The detailed 2010 budget request expands on the budget outline released by the Administration in February (C&EN, March 9, page 4). Consistent with that outline, neither the fiscal 2009 nor fiscal 2010 budget includes funds allocated under the American Recovery & Reinvestment Act, which provides more than $18.3 billion for R&D over the two-year period.
"We in the science and technology community have done better than just about any other constituency" in the 2010 budget proposal, said John P. Holdren, director of the Office of Science & Technology Policy, at a press briefing. The reason, Holdren continued, is that "we have in the White House a President that gets it."
The emphasis on basic and applied research in the budget underscores the President's belief that science is important to the country's future. The proposed budget tags some $59.0 billion—a 0.6%, or $376 million, increase from 2009—for this area.
Research investments along with money for development—which represents $84.1 billion of the R&D budget for 2010—will be used to invest in four key priorities: basic research, clean-energy research, national security research, and biomedical and health research.

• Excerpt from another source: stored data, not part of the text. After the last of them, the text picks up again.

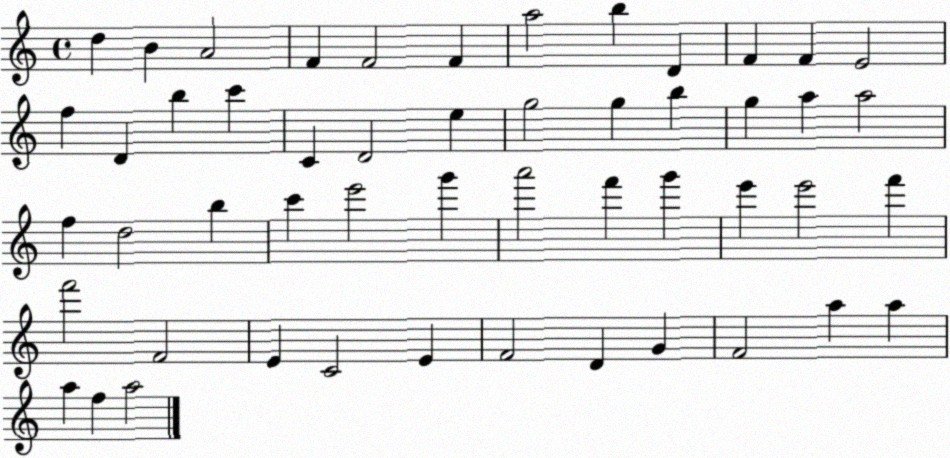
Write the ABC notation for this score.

X:1
T:Untitled
M:4/4
L:1/4
K:C
d B A2 F F2 F a2 b D F F E2 f D b c' C D2 e g2 g b g a a2 f d2 b c' e'2 g' a'2 f' g' e' e'2 f' f'2 F2 E C2 E F2 D G F2 a a a f a2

The proposed 2010 budget would keep three key physical science agencies on track to double their budgets by 2016. For 2010, NSF is slated to grow by 8.5% to $7.0 billion, with the allocation for R&D set to rise by 9.4% to $5.3 billion. The Department of Energy Office of Science's budget for 2010 would jump 3.5% to $4.9 billion, while that of NIST would grow by 1.2% to $652 million.

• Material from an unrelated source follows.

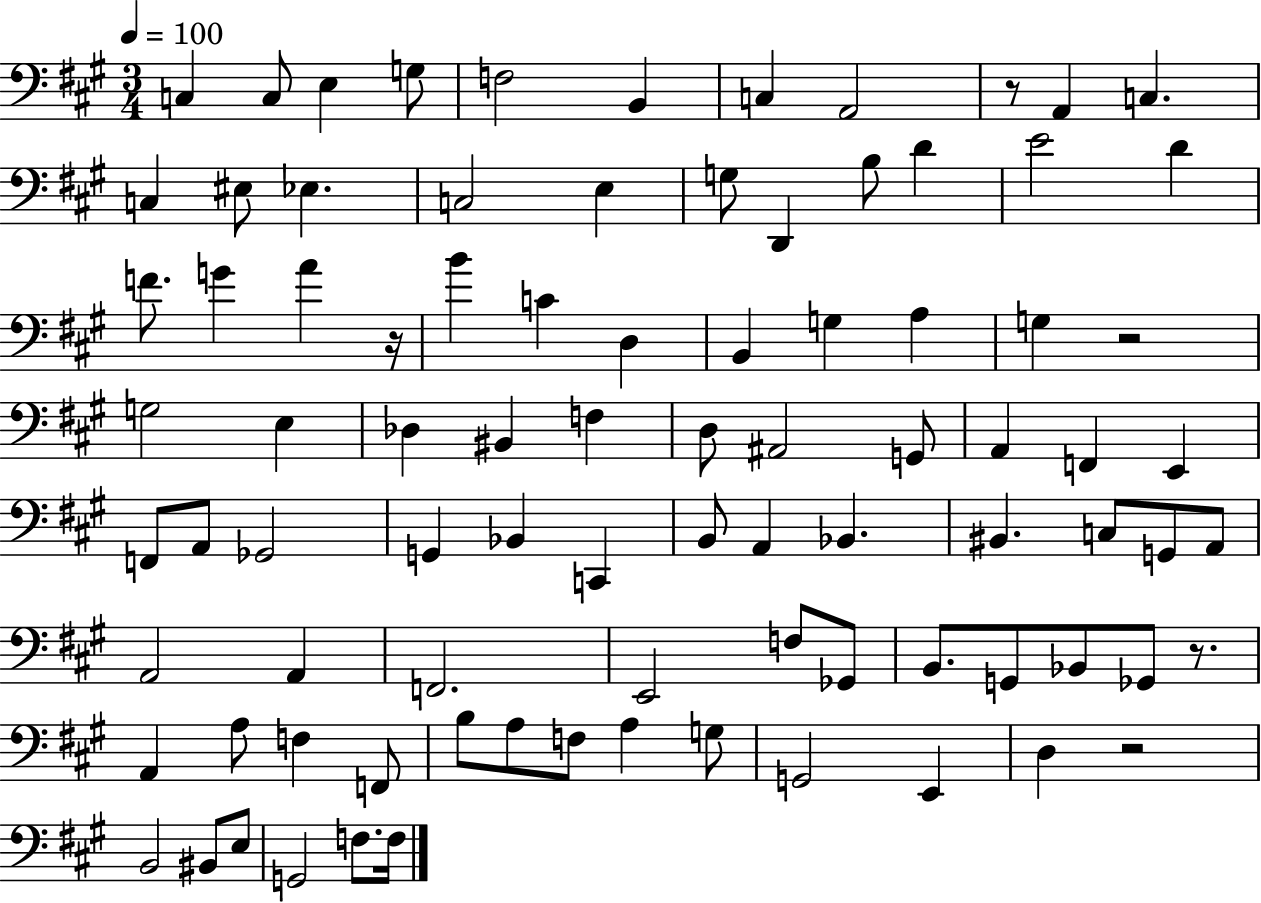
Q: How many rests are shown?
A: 5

Federal interagency science and technology programs would see a mixed bag of growth under the President's proposed budget. For example, the Climate-Change Science Program, in which about a dozen R&D agencies participate, would grow by 2.3% to $2.0 billion in 2010, but the National Nanotechnology Initiative, which includes 11 R&D agencies, would fall by 1.0% to $1.6 billion in 2010.

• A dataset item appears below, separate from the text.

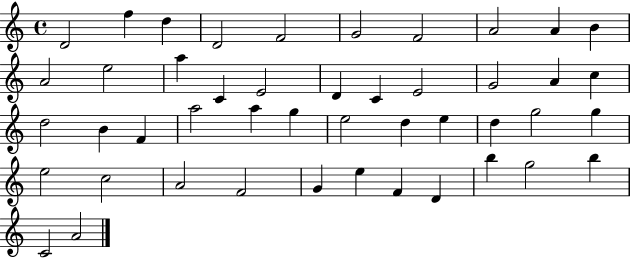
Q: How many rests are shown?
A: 0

Carrying through with his promise to tackle wasteful federal spending, Obama's proposal includes a list of 121 activities to be terminated, reduced, or revised to yield savings. According to the White House Office of Management & Budget (OMB), nearly $17 billion can be saved in 2010 by taking action on the identified programs, which were selected after a line-by-line review of the budget.
Developing the list is an effort to "reorient government activities to things that work," said OMB Director Peter R. Orszag during a teleconference. Among the programs on the list for termination are DOE's Yucca Mountain Repository Program and DOE's Nuclear Hydrogen Initiative, which aims to develop commercial-scale hydrogen production technologies that use heat and/or electricity from next-generation nuclear energy systems.
Holdren noted that there appeared to be little on that list from the R&D domain. However, he added, "it's always possible to do better," and everyone is taking a hard look at their agency budgets to cut inefficiencies.
"As we all know, we are in a very bad spell economically for our country and the world," Holdren said. The President clearly understands that "investments in science and technology are just that—investments that are going to pay off in countless ways in the short term, the medium term, and the long term," he added.